» **Dataset excerpt**:
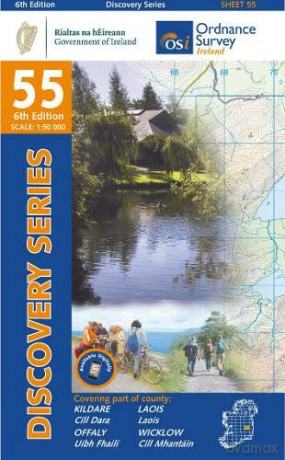 Discovery Series 55 - County Kildare, Laois, Offaly and Wicklow: Laois, Offaly, Wicklow (Irish Discovery) - Ordnance Survey Ireland [KSIĄŻKA]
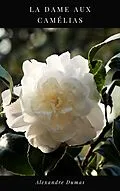E-Book (epub) La Dame aux Camélias von Alexandre Dumas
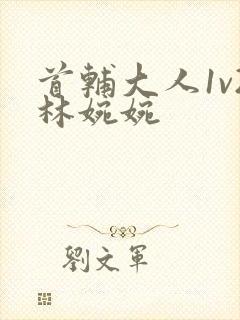 首辅大人1v2林婉婉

» **Work instructions**: Would you write out the material above in full, exactly as given, except for its pictures?

» **Answer section**:
 Discovery Series 55 - County Kildare, Laois, Offaly and Wicklow: Laois, Offaly, Wicklow (Irish Discovery) - Ordnance Survey Ireland [KSIĄŻKA]
E-Book (epub) La Dame aux Camélias von Alexandre Dumas
 首辅大人1v2林婉婉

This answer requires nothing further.